Comparable anchors: Within the same 1887 Paris phase, high‑quality garden or street scenes in smaller formats have realized $23.3 million (Jardin devant le Mas Debray, Sotheby’s New York, 2023) and $33.2 million (Coin de jardin avec papillons, Christie’s New York, 2024) [3][4]. At the top of the Paris‑period band, a celebrated 1887 still life, Piles de romans parisiens et roses dans un verre (Romans parisiens), achieved $62.71 million at Sotheby’s New York in 2025, establishing a clear new ceiling for the phase [6]. These datapoints frame the lower and mid‑tiers for Paris material and confirm that exceptional 1887 canvases can command prices above $60 million.

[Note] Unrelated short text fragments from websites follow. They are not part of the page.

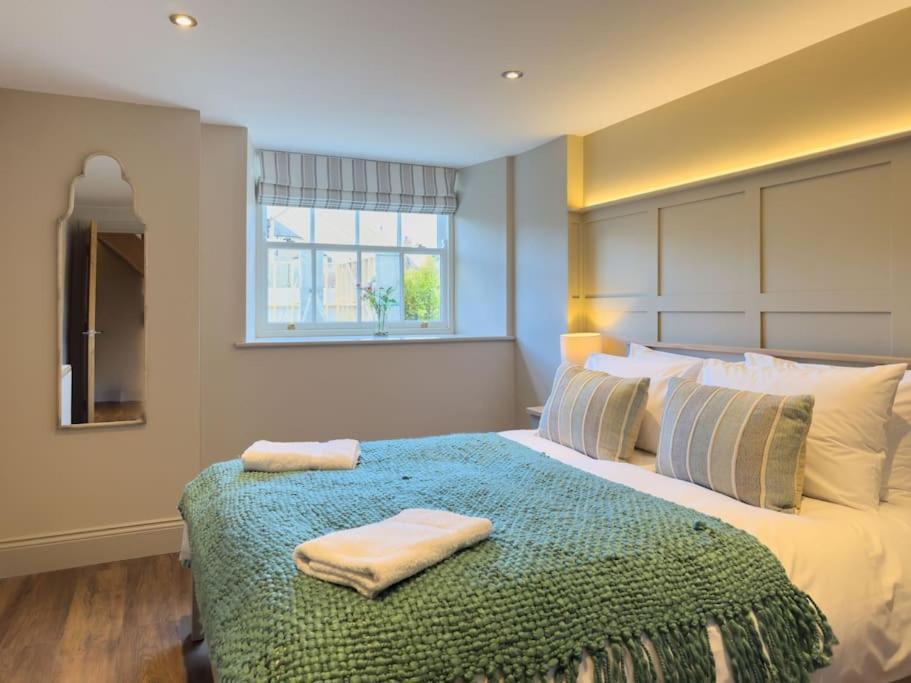 Exceptional 5 With Hot Tub * Pickering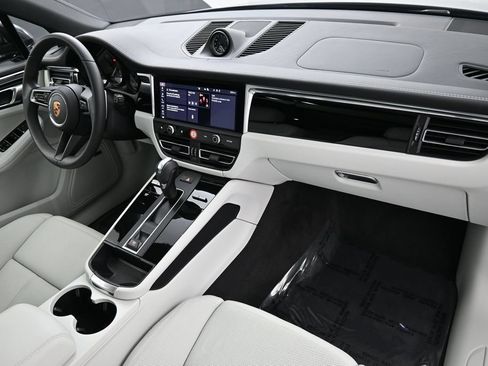 Certified 2025 Porsche Macan AWD/4WD image 32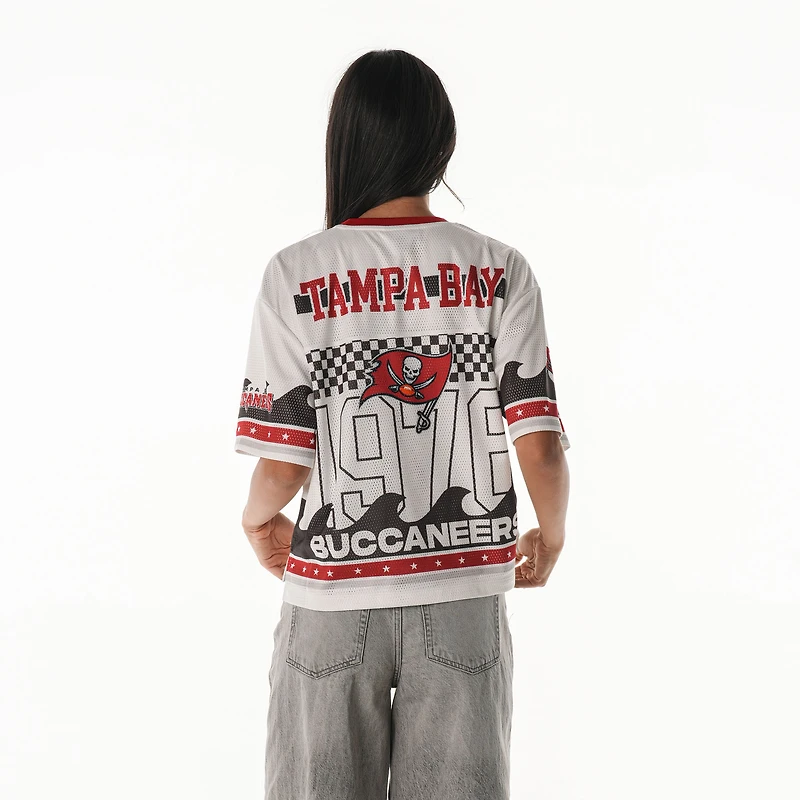 T-shirt court en maille blanc The Wild Collective pour femme des Tampa Bay Buccaneers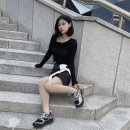 휠라 인터런 한소희 인스타 여성 메탈릭 실버 운동화 코디
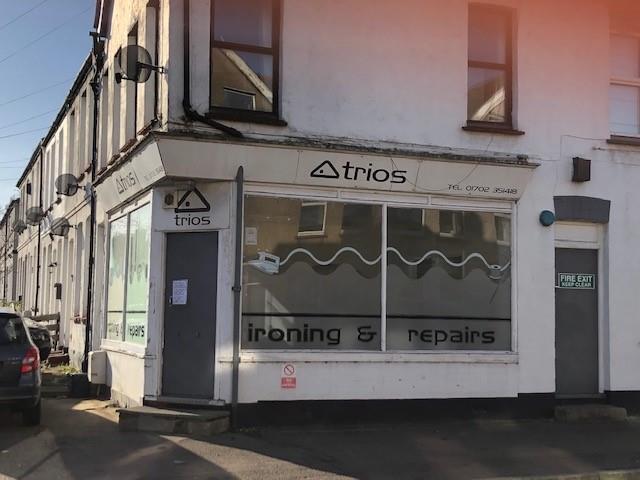 203 Hildaville Dr, Westcliff On Sea for sale Primary Photo- Image 1 of 1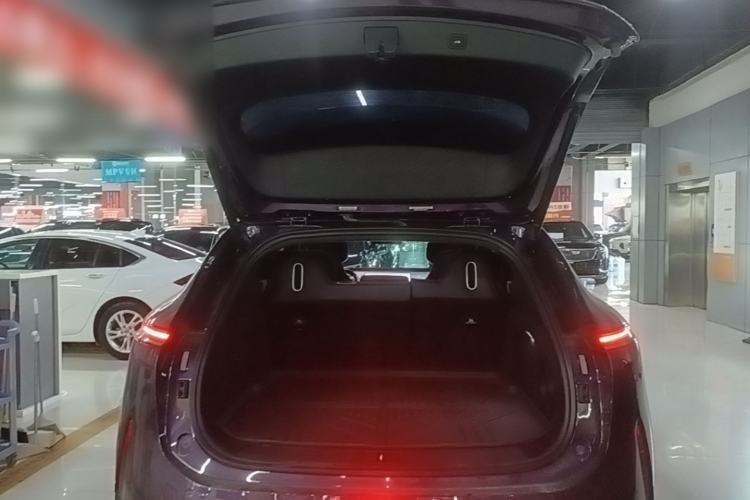 Used Avatr 07 2024 Max Extended-Range Edition Trunk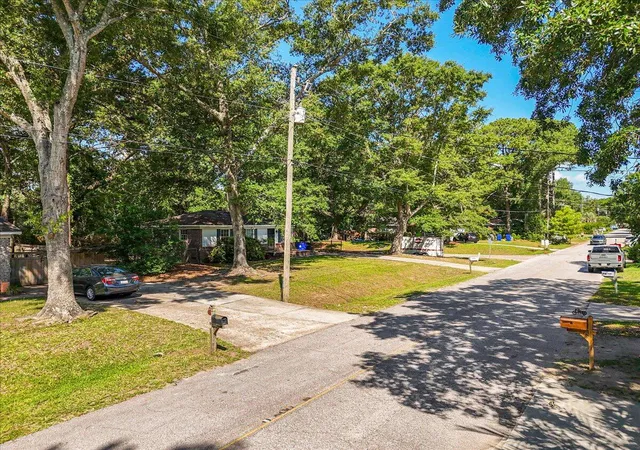 2nd image of 1436 Heather Dr, Mount Pleasant, SC 29464 | MLS# 26018523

Upper bounds and subject adjacency: Van Gogh’s standing auction record—Orchard with Cypresses (Arles, 1888)—is $117.18 million (Christie’s, 2022) [2]. A highly relevant subject adjacence is L’Allée des Alyscamps (Arles, 1888)—a promenade with courting figures—at $66.3 million in 2015 (≈ higher in today’s dollars), showing market appetite for figure‑rich outdoor scenes with strong coloristic appeal [5]. While Paris works typically trail the very top Arles/Saint‑Rémy period, Garden with Courting Couples is unusually large for 1887, compositionally complex, and a museum‑level picture—characteristics that push it well above recent small‑format Paris comparables and toward the $60–100 million tier.
Why this range: The estimate triangulates (i) the recent $23–33 million results for smaller Paris 1887 scenes [3][4]; (ii) the new $62.71 million Paris‑period benchmark for a best‑in‑class still life [6]; and (iii) the broader Van Gogh trophy context above $80–100+ million for peak Arles/Saint‑Rémy masterpieces [2][5]. The subject (multi‑figure modern‑life park scene), scale (75 x 113 cm), and unimpeachable provenance/exhibition profile materially outperform most traded Paris works, warranting a premium to the $33 million garden comp and positioning the canvas to test the upper half of the indicated band under optimal sale conditions.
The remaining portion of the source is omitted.